Und noch eine weitere japanische Handwerkskunst wird in der Region um Bizen mit Stolz weitergegeben: die Schwertherstellung. Bizen mit Umland gehörte zu den legendären Gokaden, den fünf traditionellen Schulen der japanischen Schwertherstellung. Schwerter von hier wurden für ihre hohe Qualität und kunstvolle Gestaltung geschätzt. Auch heute noch gibt es in Bizen Meisterschmiede, die in kleinen Werkstätten die alten Techniken der Schwertherstellung pflegen.

Ein sehenswertes Museum zum Thema befindet sich wenige Kilometer westlich von Bizen, in der Stadt Setouchi: Im Bizen Osafune Schwertmuseum können Interessierte das Schmieden, Gravieren und Schärfen japanischer Schwerter aus nächster Nähe beobachten. In mehrstündigen Workshops können Besucher an ausgewählten Terminen und nach Voranmeldung sogar die Grundtechniken der Schwertherstellung erlernen!

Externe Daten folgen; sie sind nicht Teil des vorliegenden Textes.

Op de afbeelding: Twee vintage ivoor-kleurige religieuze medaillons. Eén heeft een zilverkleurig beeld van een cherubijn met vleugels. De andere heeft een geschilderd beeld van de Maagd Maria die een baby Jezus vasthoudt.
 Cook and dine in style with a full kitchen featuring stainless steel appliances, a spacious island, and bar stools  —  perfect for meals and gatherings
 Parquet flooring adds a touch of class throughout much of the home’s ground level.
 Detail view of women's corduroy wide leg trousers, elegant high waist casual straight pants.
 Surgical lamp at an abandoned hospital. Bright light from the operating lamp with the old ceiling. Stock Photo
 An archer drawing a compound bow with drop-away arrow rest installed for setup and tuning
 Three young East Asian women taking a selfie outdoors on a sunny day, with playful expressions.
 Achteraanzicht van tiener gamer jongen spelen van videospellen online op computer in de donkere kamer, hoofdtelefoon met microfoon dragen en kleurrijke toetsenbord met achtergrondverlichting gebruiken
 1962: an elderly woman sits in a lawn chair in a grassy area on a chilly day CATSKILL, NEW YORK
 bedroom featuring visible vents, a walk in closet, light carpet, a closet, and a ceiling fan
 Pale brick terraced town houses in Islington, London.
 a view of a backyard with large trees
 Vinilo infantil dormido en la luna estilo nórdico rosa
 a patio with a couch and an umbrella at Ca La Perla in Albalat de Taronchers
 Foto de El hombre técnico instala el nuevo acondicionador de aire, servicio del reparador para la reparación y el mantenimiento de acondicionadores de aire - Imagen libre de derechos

Bizen Osafune Schwertmuseum
tägl. 09:00-17:00 Uhr (letzter Einlass 16:30 Uhr); Schließtage: montags (bzw. am Folgetag, wenn Montag auf einen Feiertag fällt) sowie 28.12.-04.01. und während Ausstellungswechsel;
Eintritt: Erwachsene: 500 Yen, Schüler der Oberstufe und Studenten: 300 Yen, kostenlos für Schüler der Mittelstufe und jünger; englischsprachige Audioguides


6. Angel Road auf Shodoshima: Natur und Romantik

Von der Stadt Okayama mit der Fähre zu erreichen ist Shodoshima, eine der größten Inseln der Seto-Inlandsee. Die zur Präfektur Kagawa gehörende Insel verzaubert mit Olivenhainen, malerischen Stränden, traditionellen Dörfern und entspannter Urlaubsatmosphäre. Ein faszinierendes Naturphänomen ist die Angel Road, ein schmaler Sandstreifen, der die Hauptinsel mit drei winzigen Nachbarinseln verbindet.

Begehbar ist der Weg bis zur ersten Insel, Bentenjima Island – allerdings nur bei Ebbe. Eine besondere Tradition macht ihn zu einem der romantischsten Spazierwege Japans: Paare laufen Hand in Hand über die Angel Road und äußern dabei ihre Wünsche für die gemeinsame Zukunft. Besonders beeindruckend ist die Szenerie bei Sonnenaufgang und Sonnenuntergang, wenn das Meer in goldenem Licht glitzert.

Angel Road ist kostenfrei zugänglich, nur bei Ebbe begehbar


7. Yamaroku-Brauerei: Kulturgut Sojasauce

Voller Umami und aus der japanischen Küche nicht wegzudenken: Sojasauce. Doch wie wird das beliebte Würzmittel eigentlich traditionell hergestellt? Einen spannenden Einblick gewährt die renommierte Yamaroku-Brauerei im Osten von Shodoshima. Es ist eine der wenigen Brauereien in Japan, die ihre Saucen noch in überlieferter Weise in Kioke, riesigen Holzbottichen aus Zedernholz, fermentieren.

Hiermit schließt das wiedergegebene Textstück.